Four targeted high-impact initiatives have been identified and are underway, with combined potential NPV increases exceeding US$4 billion.

1) Direct Reduction Iron ("DRI") product quality:

o Positive test work results announced on 25 June 2025, confirming the ability to produce DRI specification pellet feed concentrate with low impurities:

§ Stage One (hematite) concentrate grade results: 68.5 %Fe, 1.05 %SiO₂, 0.47 %AlO3, 0.034 %P

§ Stage Two (magnetite) concentrate grade results: 69.1 %Fe, 1.96 %SiO₂, 0.40 %AlO3, 0.028 %P

o Test work results show a significant improvement in the planned product quality compared to the 2014 Feasibility Study, especially in reducing impurities (gangue minerals)

o DRI pellet feed quality confirmation further emphasises the strategic importance of the Zanaga Project.

2) Pellet Plant Feasibility Study: Opportunity to develop a pellet plant capable of producing value-added DRI-grade pellets (results due Q4 2025)

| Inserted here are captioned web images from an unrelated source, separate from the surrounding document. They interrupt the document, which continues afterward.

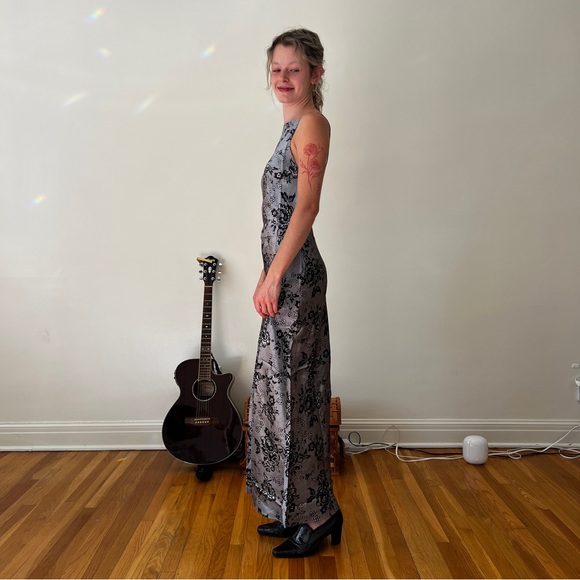 Reformation Adkins Dress | Lacy 🕸Silk🕸 🎉SALE🎀 NEW - Picture 5 of 14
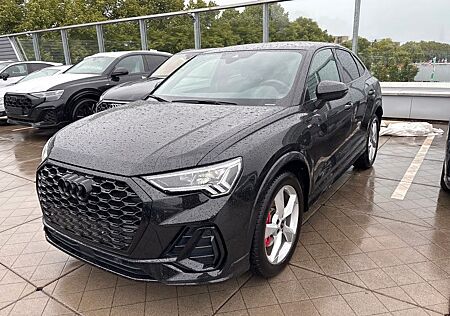 Audi Q3 Sportback 40 TDI s-line quattro s-tronic Led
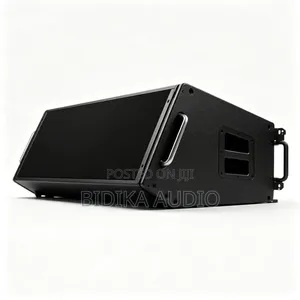 Professional Line Array Speaker Stage Loudspeaker PA System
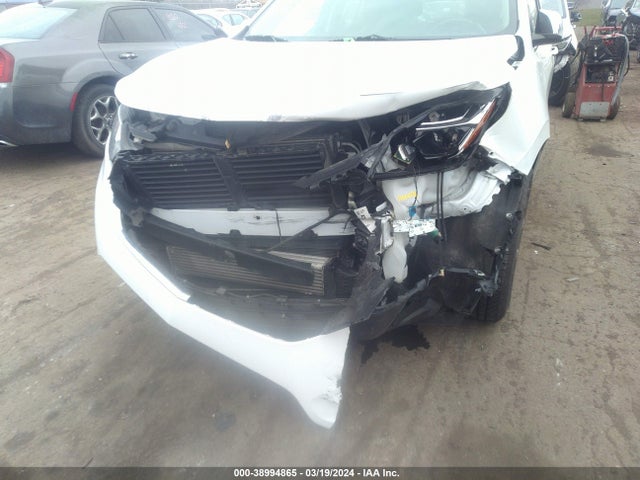 Chevrolet Equinox Premier 2019 3GNAXXEV8KS564656 Image 6
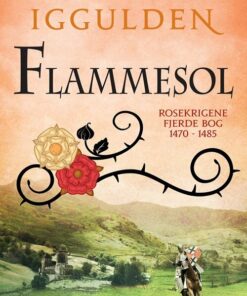 Flammesol - Conn Iggulden - Bog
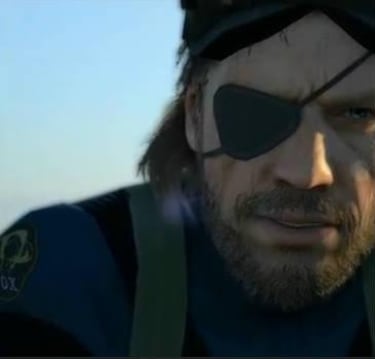Metal Gear Solid V: The Phantom Pain, nuevo tráiler con Fox Engine en la GDC 2013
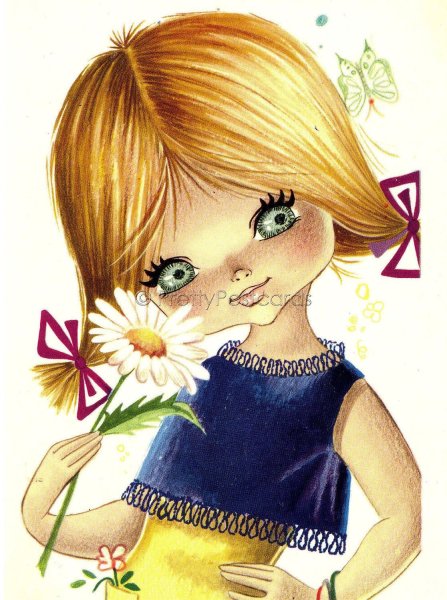 Художник - иллюстратор Крис де Лара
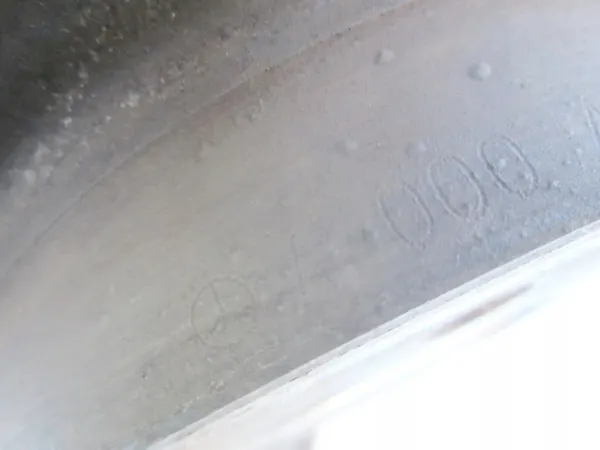 Voorremschijven Mercedes W221 S600 5.5 V12 360mm image 3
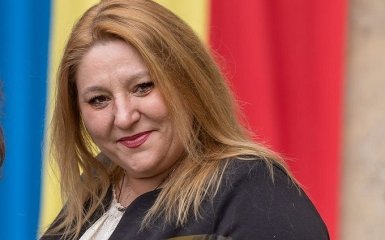 Румунська депутатка крикнула "Слава Москві" під час засідання парламенту — відео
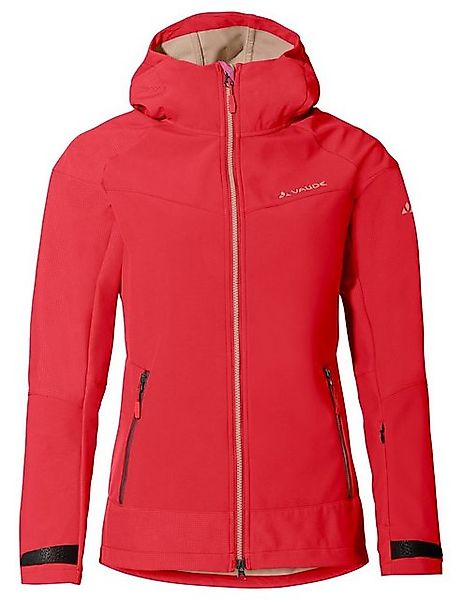 VAUDE Anorak Vaude Womens All Year Elope Softshell Jacket Damen günstig online kaufen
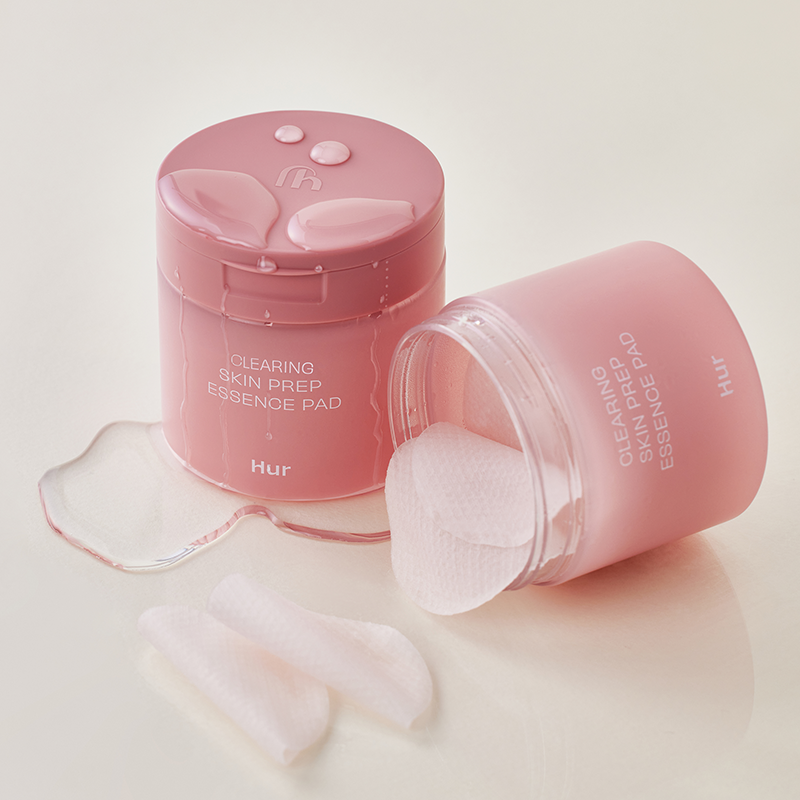 HOUSE OF HUR CLEARING SKIN PREP ESSENCE PAD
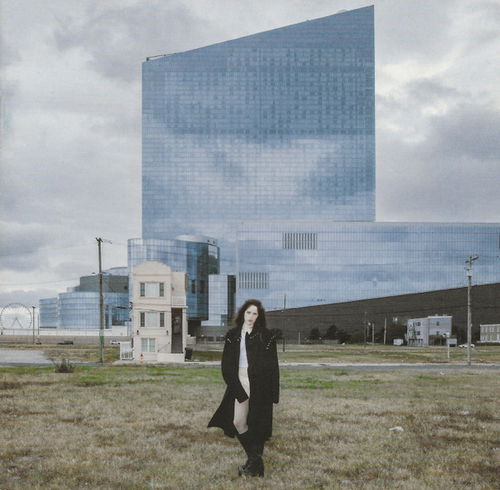 Marie Davidson - City Of Clowns (CD)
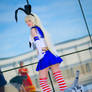 Shimakaze cosplay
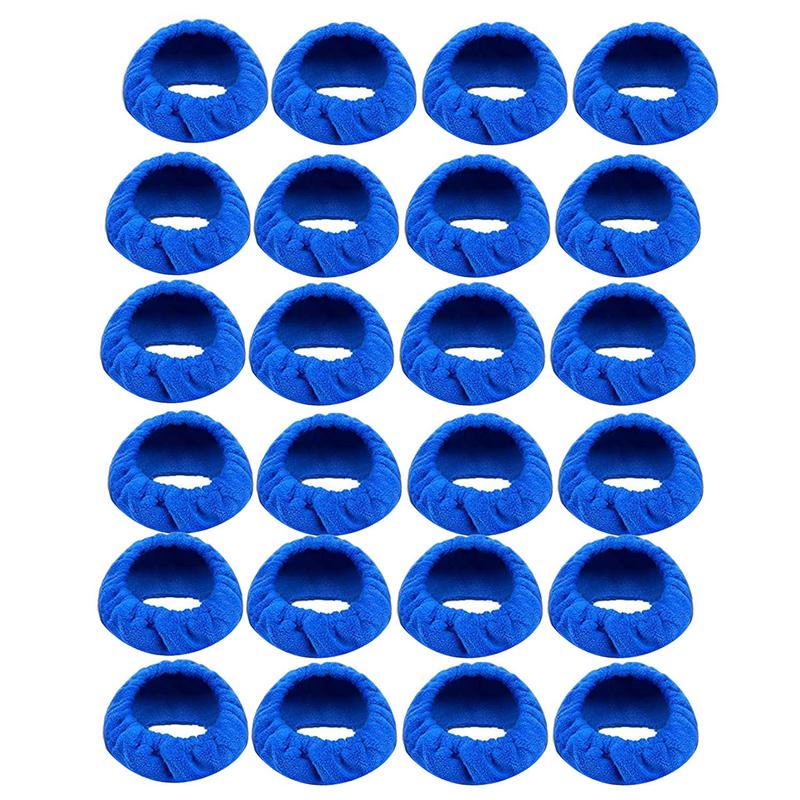 Good-24 Pack Mask Liners Full Face Soft Mask Covers Reduce Air Washable Cushion Covers Most Full Face Masks синій
Good-24 Pack Mask Liners Full Face Soft Mask Covers Reduce Air Washable Cushion Covers Most Full Face Masks синій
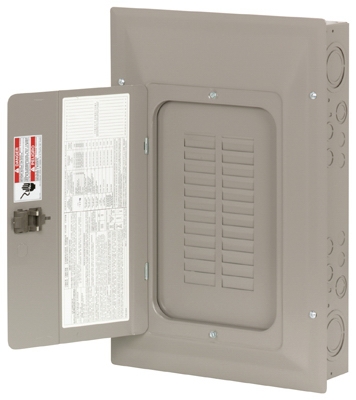 125A 24CH Load Center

3) Single Pipeline Feasibility Study: Opportunity to lower Stage Two capital costs and speed up expansion timelines by constructing a single 30Mtpa capacity pipeline in Stage One (results expected in Q4 2025).

4) Dry Tailings Management: Has the potential to significantly reduce sustaining capital over the Zanaga Project's lifespan by implementing a thickened paste or dry tailings solution (results expected in Q4 2025).

· Improved Zanaga Project economics driven by high-grade DRI pellet feed product confirmation

o Post-tax NPV (10%) increased by 37% to US$5,206 million.

o IRR has risen to 26.7%, reflecting improved project returns.

o FOB operating costs, including Government Royalty, are expected to remain competitive at approximately US$27/tonne.

o Proposed asset lifespan: 30 years of premium DRI grade pellet feed, with a planned production of 12 million tonnes per annum (Mtpa) during Stage 1 and 18 Mtpa during Stage 2.

o Higher iron content with low impurities is anticipated to generate an increased price premium.

· In September 2025, pursuant to a request from a prospective investor involved in ZIOC's strategic partnership process, lock-in agreements were executed between the Company and several of its substantial shareholders, collectively representing approximately 34.86% of the issued share capital of the Company.

· Cash balance of US$3.9 million as at 30 June 2025 and cash balance of US$2.9 million as at 25 September 2025.

· Annual General Meeting to be held on 10th December 2025, with the requisite notice to be sent to shareholders in due course.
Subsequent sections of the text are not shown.